Embeddings

This guide walks through using thema for Low Dimensional Embeddings and Dimensionality Reduction of clean datasets.

Note

Embeddings are dependant on the creation of a Moon object. Please see the Data Preprocessing Guide for more info on preprocessing steps and the Outer System API documentation for info on thema.multiverse.inner.Moon objects containing cleaned, encoded, and scaled data.

Projection Handling with Oort Class

The Oort class in Thema provides functionality for handling projections. When using the Oort class for projections:

  1. Output Data: Upon execution, the Oort class will create a directory as specified in the params.yaml configuration file. This directory serves as the designated location for storing all projection-related data. The Oort class does not store the projection data within its own instance. Instead, it manages and organizes the data within the designated directory.

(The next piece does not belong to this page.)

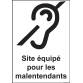 Panneau de signalétique - Site équipé pour les malentendants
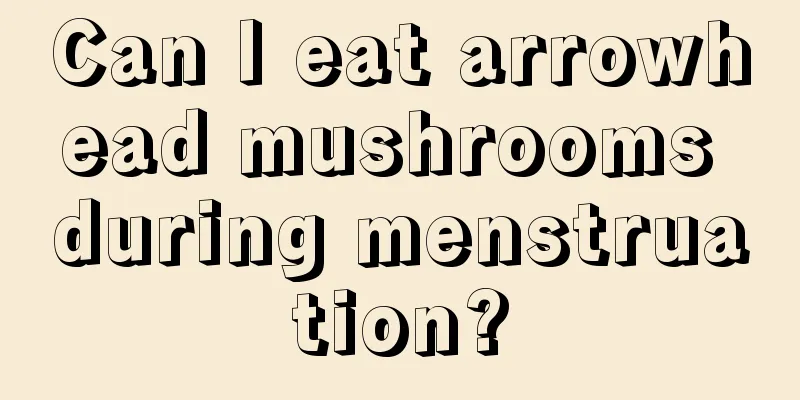 Can I eat arrowhead mushrooms during menstruation?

This approach ensures that all generated data, such as output files or processed results, are stored systematically for further analysis or usage.

  2. Configuration: The params.yaml file serves as the central configuration point for specifying parameters for generating multiple projections. This file provides comprehensive control over hyperparameter selection, facilitating grid search exploration to optimize UMAP embeddings. Users can customize within the params.yaml to precisely tailor the generated data storage and algorithm behavior to their project requirements.

Note

Projections are embeddings of your data.

UMAP Embeddings

The params.yaml file allows you to configure various parameters for generating UMAP embeddings using the Oort class. UMAP (Uniform Manifold Approximation and Projection) is a dimensionality reduction technique that can be customized through several parameters.

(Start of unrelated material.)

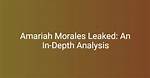 Exclusive Insights into the Amariah Morales Leak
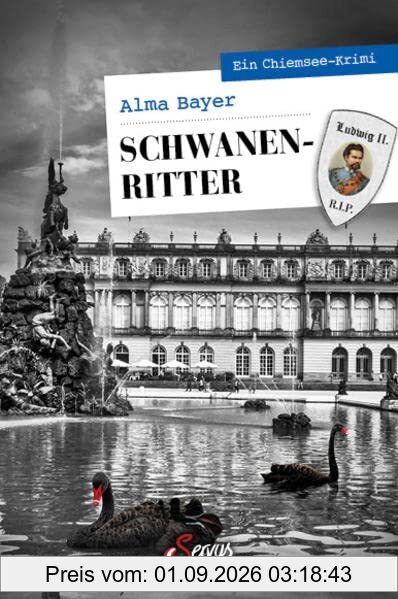 Schwanenritter: Ein Chiemsee-Krimi (Servus Krimi)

YAML Configuration for UMAP

  • Oort: The top-level key indicating the configuration for the Oort class.

  • umap: Contains the parameters for configuring the UMAP embeddings.

  • nn: Specifies the number of nearest neighbors to consider for each point. Two values are provided (2 and 4), indicating a range to explore during grid search.

  • minDist: Specifies the minimum distance between points in the embedding space. Multiple values are provided below, indicating a grid-search over multiple hyperparameters.

  • dimensions: Specifies the number of dimensions for the UMAP embedding. A value of 2 indicates a 2D embedding.

  • seed: Specifies the random seed for reproducibility. A value of 32 is provided.

  • projectiles: Lists the dimensionality reduction methods to be used. Here, umap is specified.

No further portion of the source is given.